È evidente la forte attualità della questione discussa durante la lezione, poiché la strada per poter realizzare compiutamente la parità e l’emancipazione tra sessi è ancora lunga e difficoltosa. Un esempio emblematico è quanto accaduto in Islanda il 24 ottobre di quest’anno. Nel Paese al primo posto nel mondo per la parità di genere le donne islandesi hanno deciso di protestare. Circa 40 organizzazioni hanno indetto uno sciopero di un’intera giornata contro il divario di retribuzione tra uomini e donne, e più in generale hanno manifestato contro la disparità e violenza di genere, con lo slogan “Questa la chiamate uguaglianza?”. Vi hanno aderito migliaia di donne e di persone di genere non binario ed è stata prevista sia un’interruzione del lavoro retribuito che di quello non retribuito, come il lavoro domestico e di cura, impegno che nella maggior parte delle famiglie ricade sulle donne.  La prima ministra Katrín Jakobsdóttir ha scelto di partecipare a tale evento per “mostrare solidarietà alle donne islandesi”, ma soprattutto perché ritiene che sia inaccettabile che esista ancora il divario salariale basato sul genere nel 2023. Sono passati 48 anni dal primo sciopero delle donne islandesi che il 24 ottobre del 1975 bloccò l’isola per «dimostrare il lavoro indispensabile delle donne per l’economia e la società islandese» e per «protestare contro la discrepanza salariale e le pratiche di lavoro sleali». Nel 1975 la mobilitazione coinvolse il 90% delle donne lavoratrici d’Islanda portando in piazza nella capitale Reykjavík oltre 25 mila donne, su una popolazione complessiva di 220 mila persone. L’anno dopo il parlamento islandese votò una legge per la parità salariale tra uomini e donne. L’Islanda è considerata uno dei paesi più avanzati al mondo in termini di uguaglianza di genere ed è stata la nazione più virtuosa secondo il Global gender gap index (indicatore del divario di genere) del World economic forum per quattordici anni consecutivi, ma in alcuni settori e professioni, sostiene l’ufficio statistico islandese, le donne guadagnano almeno il 20 per cento in meno rispetto ai colleghi uomini. Indubbiamente queste donne rappresentano un modello da seguire; se si vuole migliorare la società occorre mobilitarsi e non accettarne passivamente le condizioni imposte.

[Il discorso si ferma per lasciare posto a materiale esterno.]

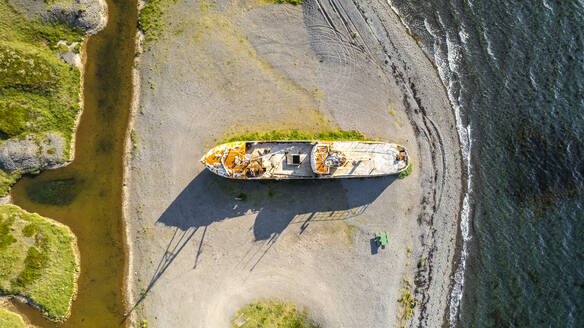 Luftaufnahme eines an der Küste des Patreksfjordur-Fjords in Island gestrandeten Schiffswracks. - AAEF17319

 Il dibattito si è poi concluso riflettendo sul messaggio del recente successo ottenuto dal film della Cortellesi “C’è ancora domani”, su come il personaggio di Delia possa rappresentare l’esperienza di molte donne, ragazze, madri e mogli dei nostri giorni, silenziate violentemente dal contesto familiare e sociale, senza apparente via di uscita. L’individualità femminile, che sembra scomparire in questo clima di soprusi, vessazioni e violenze, esprime tutta la sua forza attraverso il simbolo del “canto a bocca chiusa” che Delia intona alla figlia, assieme a tutte le donne votanti, anche davanti al marito Ivano: una melodia muta, che manifesta l’aspirazione alla libertà e  alla parità, nonché la necessità di esprimere con ogni mezzo possibile questi desideri, che non dovrebbero mai essere dominati da chi vuole privare le donne della loro voce, allora come oggi.